Ramones’ sixth studio album, Pleasant Dreams, still cries out for some long-overdue respect. Released in the summer of 1981, in the slipstream of the big-budget, Phil Spector-helmed End Of The Century, the record emerged from an especially stressful time in the New York City quartet’s history and, after stalling at No.58 on the Billboard 200, it was unfairly branded a failure.
Listen to ‘Pleasant Dreams’ here.
“It would have probably split up most bands”
“There’s a lot of strong stuff on it,” vocalist Joey Ramone recalled in Everett True’s Hey Ho Let’s Go: The Story Of The Ramones, while also conceding that the album was recorded during “a real rocky time” for the group. “It would probably have split up most bands,” Joey continued. “Me and John had almost no communication whatsoever.
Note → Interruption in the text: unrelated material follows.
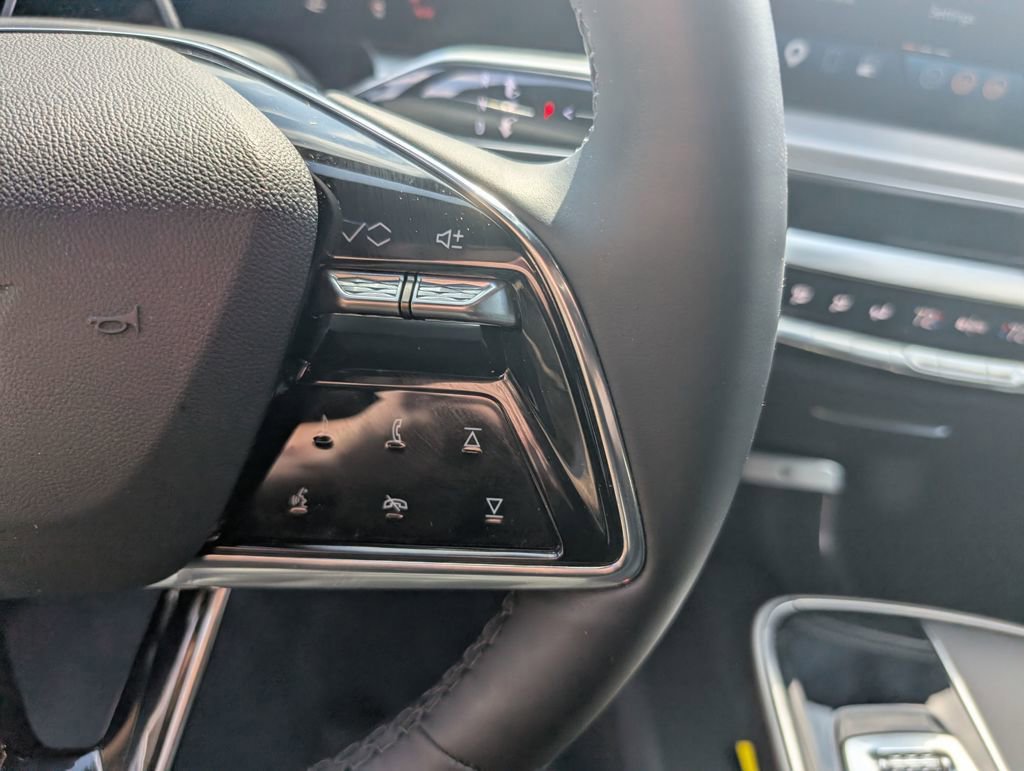 Used 2025 Cadillac Lyriq Luxury w/ LPO, Floor Liner Package image 19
You can’t run an organisation or a band or a government like that.”
The lack of communication was due to the almost irreparable rift between Joey and Johnny Ramone, which sprang from the guitarist beginning a relationship with Joey’s former girlfriend, Linda Daniele. Johnny later married Linda, but their relationship put the bandmates’ friendship under a strain from which it never properly recovered.
To add to their woes, Ramones were still expected to produce the goods in the charts. Though End Of The Century was their best-performing album, it only peaked at No.44 in the US (it would hit No.14 in the UK), and Sire again insisted the group work with a name producer for their next record. Ramones wanted to team up with rising Siouxsie And The Banshees/U2 producer Steve Lillywhite, but Sire rejected that suggestion, instead insisting that 10cc’s Graham Gouldman take the helm for Pleasant Dreams.